FIG. 10 is a diagram for describing the state in which the regulating blade is brought into contact with the developing roller that carries toner particles. The groove 511 of the developing roller 510 according to this embodiment has a depth of 7 μm, which is set to 1.5 times or more and 3.0 times or less the volume-average particle size (4 μm) of the toner particles T. The regulating blade 560 made of rubber follows the depressions and projections of the surface 510d of the developing roller 510. Therefore, the toner particles T can be charged with certainty in the entire region including the projection 512 and the groove 511 of the central portion 510a. Moreover, the toner particles T are carried by the developing roller 510 with certainty to improve ease of transference during development, and can be prevented from leaking to the outside of the developer container.

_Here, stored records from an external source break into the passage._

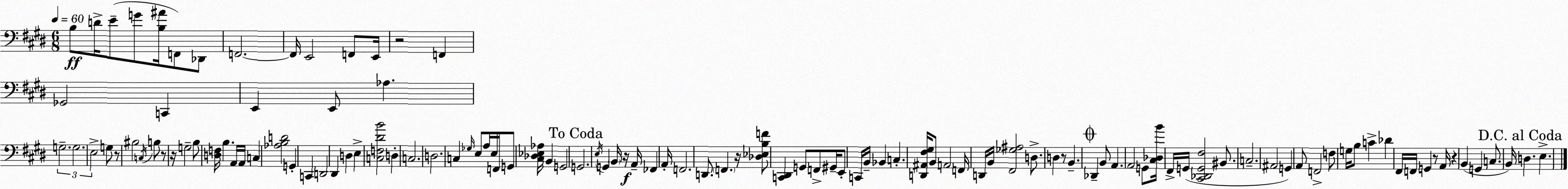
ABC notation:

X:1
T:Untitled
M:6/8
L:1/4
K:E
B,/2 D/4 E/2 G/2 [B,^A]/4 F,,/2 _D,,/2 F,,2 F,,/4 E,,2 F,,/2 E,,/4 z2 F,, _G,,2 C,, E,, E,,/2 _A, G,2 G,2 E,2 G,/2 z/2 ^B,2 C,/4 B,/2 z/2 z/4 G,2 B,/2 [D,F,]/4 B, A,,/4 A,,/4 C, [_A,B,D]2 G,, C,, D,,2 ^D,, D, E, [C,F,^DB]2 D, C,2 D,2 C, _G,/4 E,/2 A,/4 E,/4 F,,/4 G,,/2 [^C,_D,_E,_A,]/4 B,, G,,2 G,,2 E,/4 G,, B,,/4 z/4 A,,/4 _F,, A,,/4 F,,2 D,,/2 F,, z/4 [_D,_E,B,F]/2 [C,,^D,,] G,,/2 F,,/2 ^G,,/4 E,,/2 C,,/4 B,,/4 _B,, C, [D,,^A,,^F,^G,]/4 B,,/2 A,,2 F,,/4 D,,/4 B,,/4 [^F,,_G,^A,]2 D,/2 D, z/2 B,, _D,, B,,/2 A,, A,,2 G,,/2 [^C,_D,B]/4 ^F,,/4 G,,/4 [^C,,_D,,G,,^F,]2 ^B,,/2 C,2 ^A,,2 G,, A,,/2 F,,2 F,/2 G,/4 B,/2 C _D ^F,,/4 F,,/4 G,, z/2 A,,/4 z B,, G,, C,/2 B,,/4 D, E,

If depressions and projections having a nonuniform size, depth, shape, and the like are formed on the surface 510d of the developing roller 510, the carried toner particles T that have entered deep depressions are not easily rolled and charged. If the groove is formed in the circumferential direction at a certain pitch in the axis direction, the relative position of the photo-conductor 20 that faces the groove is not changed in the axis direction of the photo-conductor 20 even when the photo-conductor 20 rotates. Therefore, the developed toner image may have a high concentration only at a portion that has faced the groove. On the other hand, if the groove is formed in the axis direction, the direction of the groove is substantially orthogonal to the rotational direction of the toner particle carrying roller. Thus, the carried toner particles are not easily rolled and charged.

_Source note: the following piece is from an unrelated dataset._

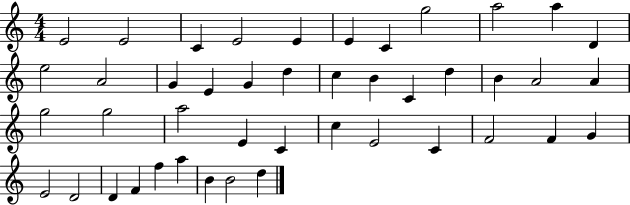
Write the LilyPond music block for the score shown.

In the developer containers 51, 52, 53, and 54 and the developing roller 510 according to this embodiment, the spiral groove 511 is formed on the surface 510d of the developing roller 510 with a constant pitch so as to be inclined with respect to the axis direction and the circumferential direction. Since the toner particles T are moved by rolling as the developing roller 510 rotates, the toner particles T can be charged appropriately. Furthermore, since the positions of the photo-conductor 20 and the groove 511 facing each other are relatively changed in the axis direction and the circumferential direction as the developing roller 510 rotates, the occurrence of the concentration unevenness on the developed toner image can be suppressed.

In the developing roller 510 according to this embodiment, since two types of grooves 511a and 511b each having a different angle of inclination are formed, toner particles T are moved in two directions along the grooves 511a and 511b. Therefore, the toner particles T can be prevented from being moved only in a certain single direction in an unbalanced manner. Furthermore, since the two grooves 511a and 511b intersect each other to form a grid, toner particles T that have started to roll along the first groove 511a (second groove 511b) can then roll along the second groove 511b (first groove 511a). Thus, the movement direction of the toner particles T can be effectively prevented from being unbalanced.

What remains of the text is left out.